** MATERIAL PROVIDED follows **
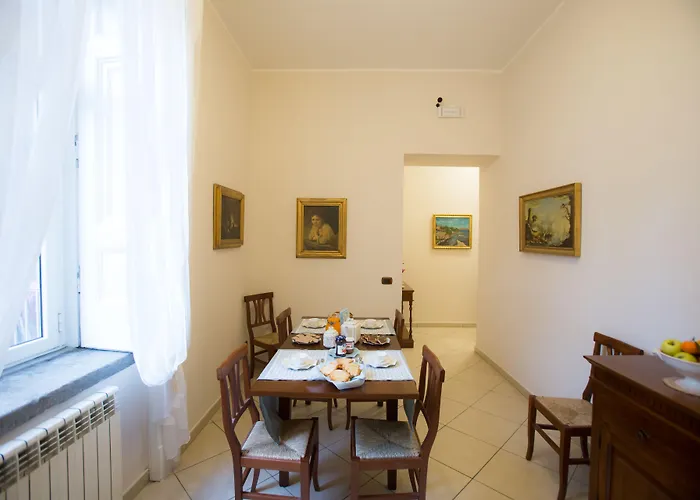 A Casa Di Nonna Giulia 3* נאפולי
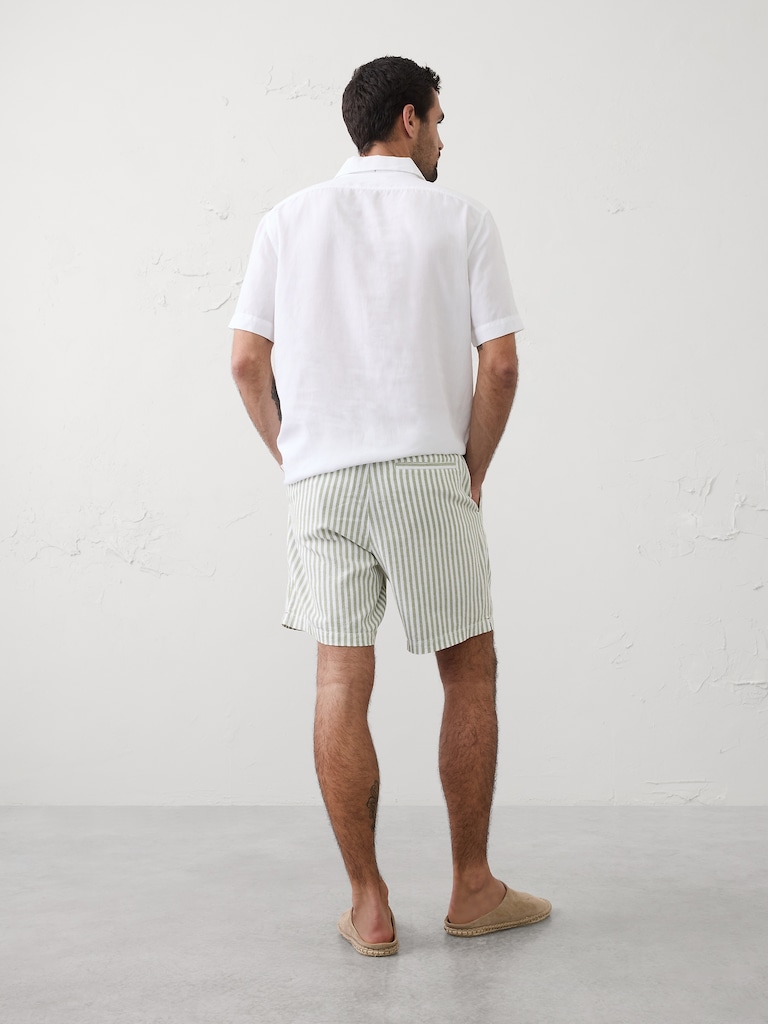 Standard-Fit 7" Linen-Blend Deck Short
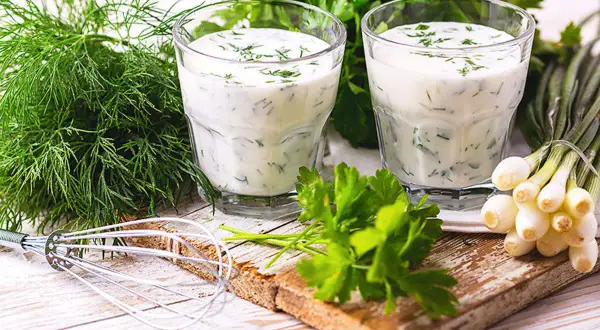 Erfrischender Ayran mit Dill und Petersilie, perfekt für ein einfaches Ayran Rezept. Dazu frische Frühlingszwiebeln.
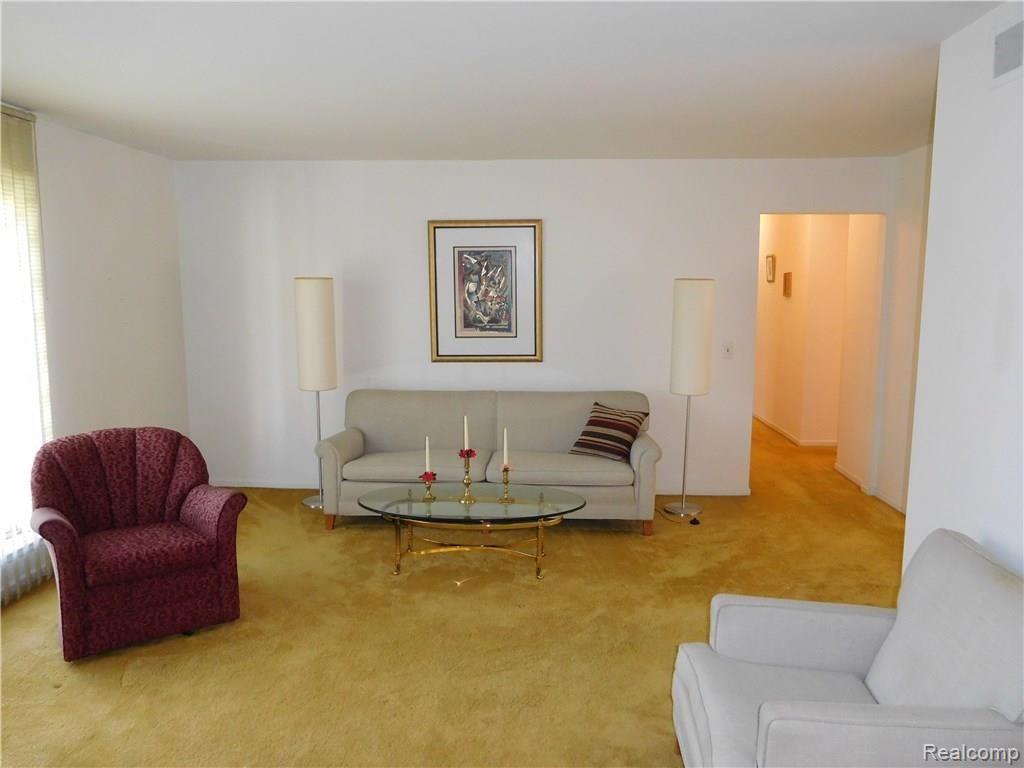 29616 Middlebelt Road Farmington Hills, MI 48334 - Photo 3 of 23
** End of MATERIAL PROVIDED **
DIRECTIONS ->
Restate word for word the lines from the one with "Linen-Blend Deck Short" to the end of the material, both included. Do not include the pictures.

RESPONSE AREA ->
 Standard-Fit 7" Linen-Blend Deck Short
 Erfrischender Ayran mit Dill und Petersilie, perfekt für ein einfaches Ayran Rezept. Dazu frische Frühlingszwiebeln.
 29616 Middlebelt Road Farmington Hills, MI 48334 - Photo 3 of 23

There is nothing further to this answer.